======== The data ========

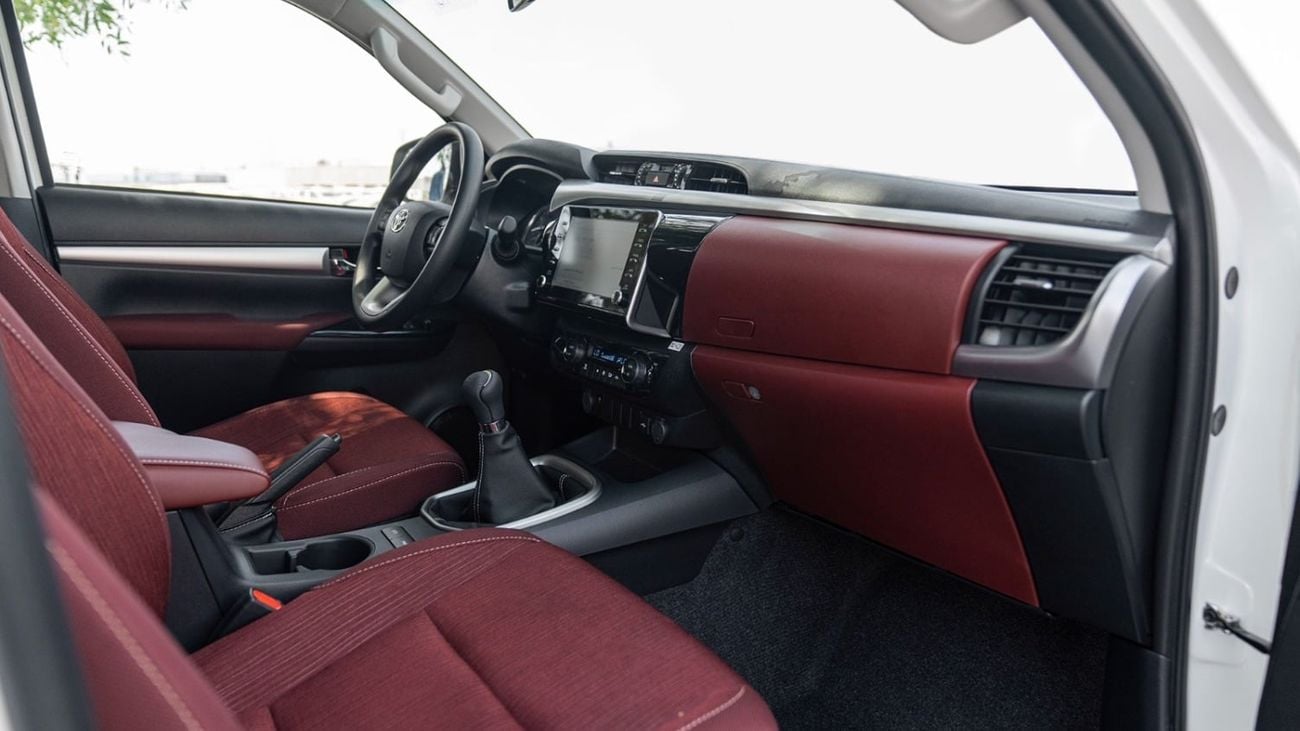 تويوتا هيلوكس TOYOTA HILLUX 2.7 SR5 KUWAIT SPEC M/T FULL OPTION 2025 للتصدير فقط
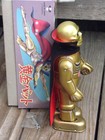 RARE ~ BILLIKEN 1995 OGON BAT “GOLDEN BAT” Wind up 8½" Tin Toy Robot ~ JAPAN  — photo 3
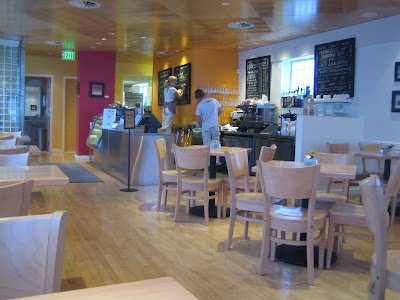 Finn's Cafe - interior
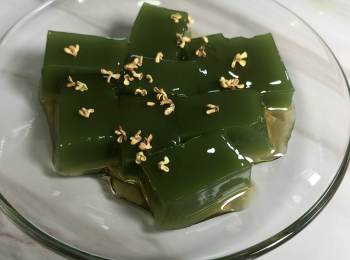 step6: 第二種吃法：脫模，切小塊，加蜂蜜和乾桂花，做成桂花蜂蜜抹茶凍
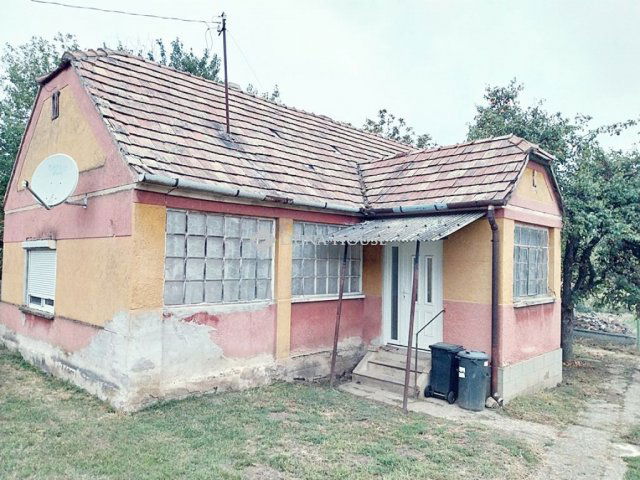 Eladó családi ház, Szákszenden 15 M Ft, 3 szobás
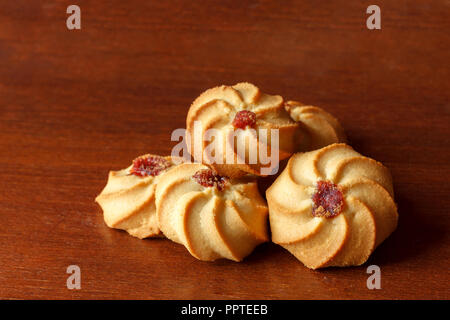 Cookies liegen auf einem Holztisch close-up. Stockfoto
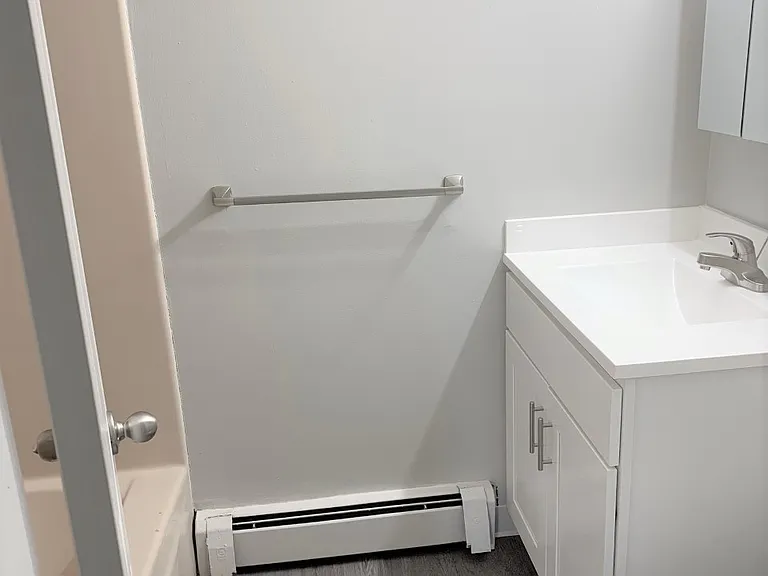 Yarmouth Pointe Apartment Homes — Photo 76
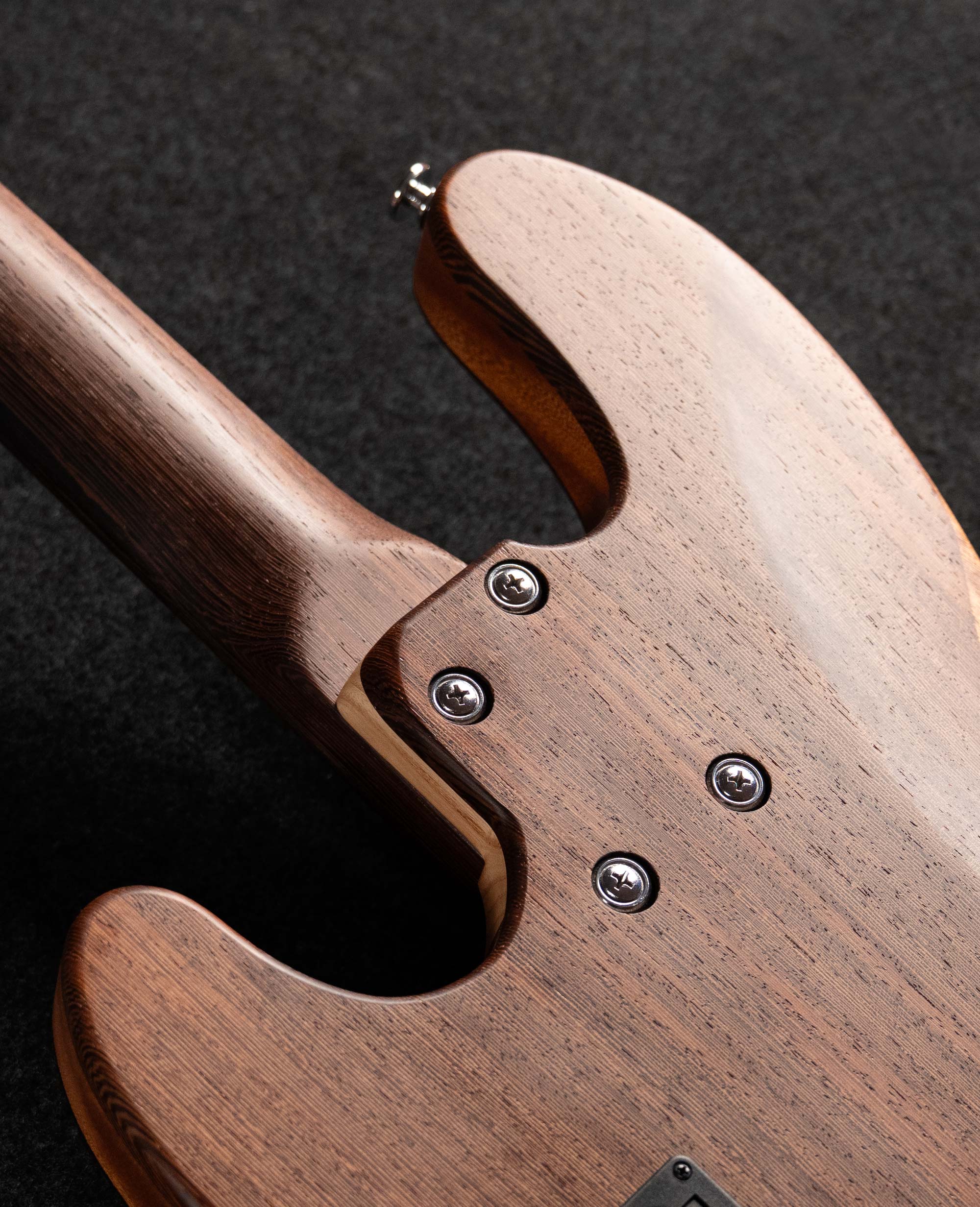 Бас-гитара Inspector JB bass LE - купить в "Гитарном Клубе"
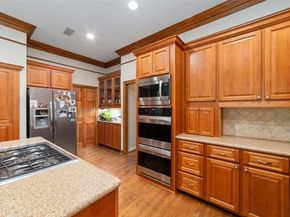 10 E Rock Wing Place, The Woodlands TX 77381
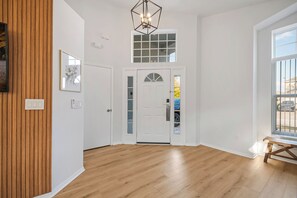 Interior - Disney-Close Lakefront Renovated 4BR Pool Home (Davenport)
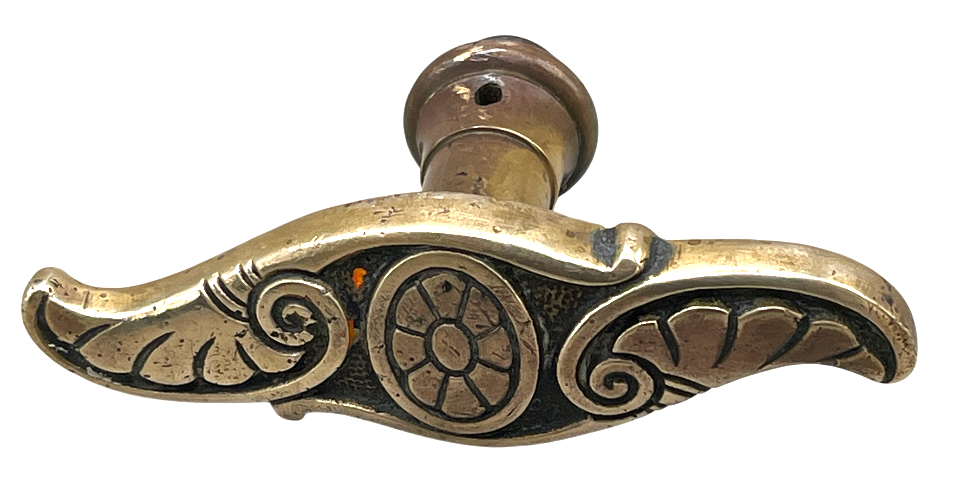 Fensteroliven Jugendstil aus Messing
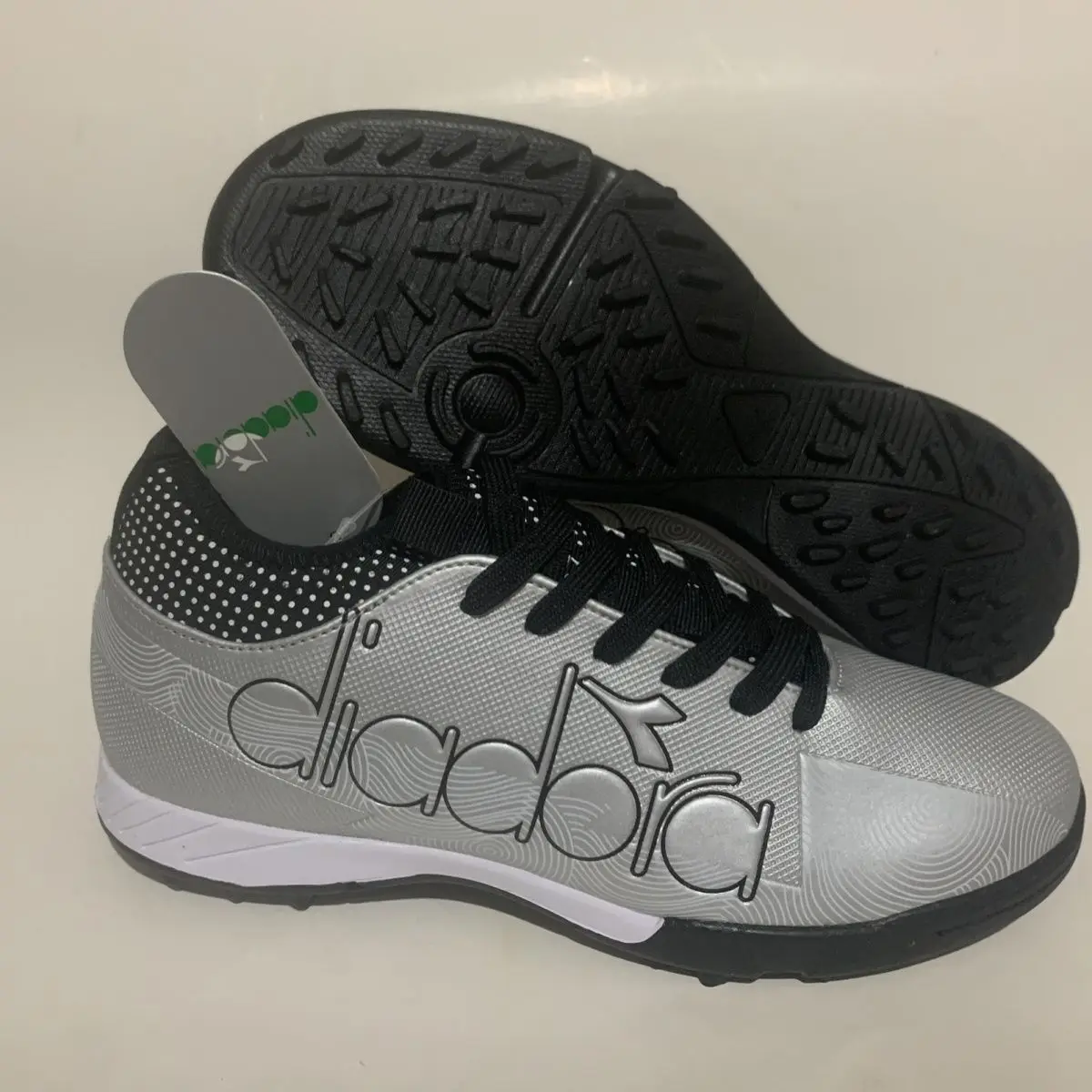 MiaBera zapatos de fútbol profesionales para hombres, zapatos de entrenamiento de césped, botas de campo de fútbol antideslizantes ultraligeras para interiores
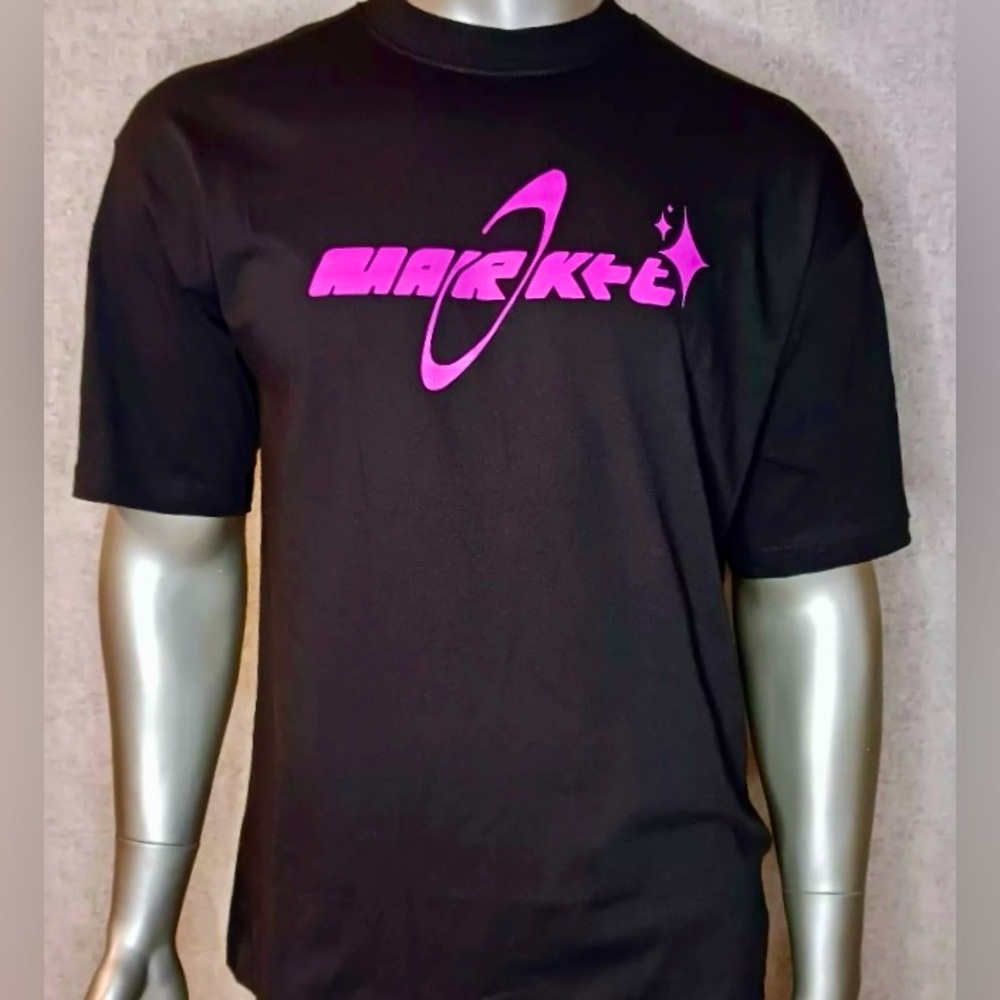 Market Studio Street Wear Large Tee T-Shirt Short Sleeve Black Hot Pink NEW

========

* Work instructions *
The lines from the start of the data through the line that contains "Cookies liegen auf" are to be returned exactly, please, with both ends included and every picture left out.

* Exercise solution *
 تويوتا هيلوكس TOYOTA HILLUX 2.7 SR5 KUWAIT SPEC M/T FULL OPTION 2025 للتصدير فقط
 RARE ~ BILLIKEN 1995 OGON BAT “GOLDEN BAT” Wind up 8½" Tin Toy Robot ~ JAPAN  — photo 3
 Finn's Cafe - interior
 step6: 第二種吃法：脫模，切小塊，加蜂蜜和乾桂花，做成桂花蜂蜜抹茶凍
 Eladó családi ház, Szákszenden 15 M Ft, 3 szobás
 Cookies liegen auf einem Holztisch close-up. Stockfoto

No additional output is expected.